A Bisl Torah


I love drama. Who doesn’t love a story of lies, deception, romance and ambition? And no, I am not writing about “The Marvelous Mrs. Maisel.” I will save that for another time.

The narrative of Joseph is both surprising and familiar. Confusing and predictable. Wondrous and disappointing. Joseph’s brothers were set on his demise, throwing him into a pit, uncertain of whether he would live or die. As the story turns, he is saved, rises in power through Egyptian royalty, and faces his brothers, now groveling before this emotionally wounded man. The brothers return to Jacob, their father and reveal that Joseph, is in fact, alive. Cue the melodramatic music.
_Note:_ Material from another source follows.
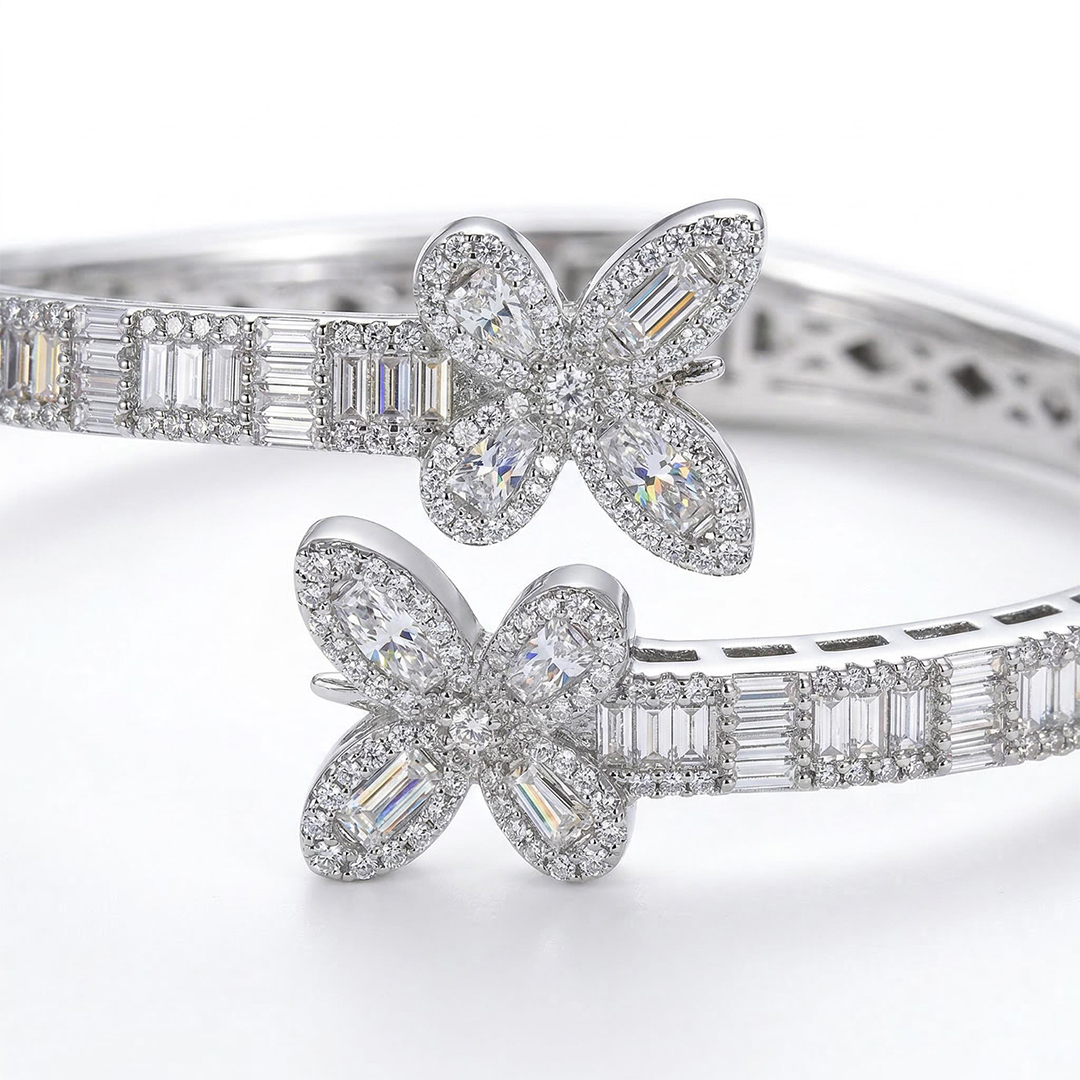 Iced Out Baguette Cut Butterfly Bangle Bracelet With Street Luxury Shine - Image 8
In response to their revelation, the Torah says that “his (Jacob’s) heart was faint because he does not believe them.” In Avot d’ Rabbi Natan, Rabbi Shimon says, “Such is the punishment of the liar: even when he tells the truth, he is not believed.” Jacob knew his sons were lying from the start. And though in this instance, the sons are telling the truth, their reputation as liars prevail. Jacob desperately wants to believe that his son is alive, but he understands the weakness of human beings. When we get in the habit of spreading an untruth, the label of “liar” is very hard to wash off.

It’s just stretching the truth. Merely embellishing, exaggerating, inflating. Leaving out some information that nobody needs to know.

But in paraphrasing Rabbi Shimon, once a liar, always a liar. It may work for the drama of the story, but in everyday life, our hearts should skip a beat…not through the tales of liars but through the dreams of those that inspire and lead with love.